Wetenschap
Algemene voorwaarden:
* SOLUTE: De stof die oplost in het oplosmiddel.
* oplosmiddel: De substantie die de opgeloste stof oplost.
* opgeloste deeltjes: De individuele moleculen of ionen van de opgeloste stof verspreidden zich door het oplosmiddel.
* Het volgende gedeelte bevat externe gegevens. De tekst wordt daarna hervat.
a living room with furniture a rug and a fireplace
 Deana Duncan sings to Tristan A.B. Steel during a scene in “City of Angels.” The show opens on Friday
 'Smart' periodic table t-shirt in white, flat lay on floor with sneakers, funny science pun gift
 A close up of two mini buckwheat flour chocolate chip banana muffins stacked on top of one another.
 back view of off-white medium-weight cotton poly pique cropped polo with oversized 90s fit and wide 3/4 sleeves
* Gedispergeerde fase: De deeltjes van de opgeloste stof, ongeacht hun grootte of vorm.
* dispersiemedium: Het oplosmiddel, dat de verspreide fase omringt.
Gebaseerd op deeltjesgrootte:
* echte oplossing: De opgeloste deeltjes zijn individuele moleculen of ionen, meestal minder dan 1 nanometer in grootte. Deze oplossingen zijn transparant en homogeen. Voorbeelden:suiker opgelost in water, zout opgelost in water.
* colloïde: De opgeloste deeltjes zijn groter dan moleculen, variërend van 1 nanometer tot 1 micrometer groot. Ze zijn meestal gelijkmatig verspreid over het oplosmiddel en genoegen nemen met niet. Voorbeelden:melk, mist, verf.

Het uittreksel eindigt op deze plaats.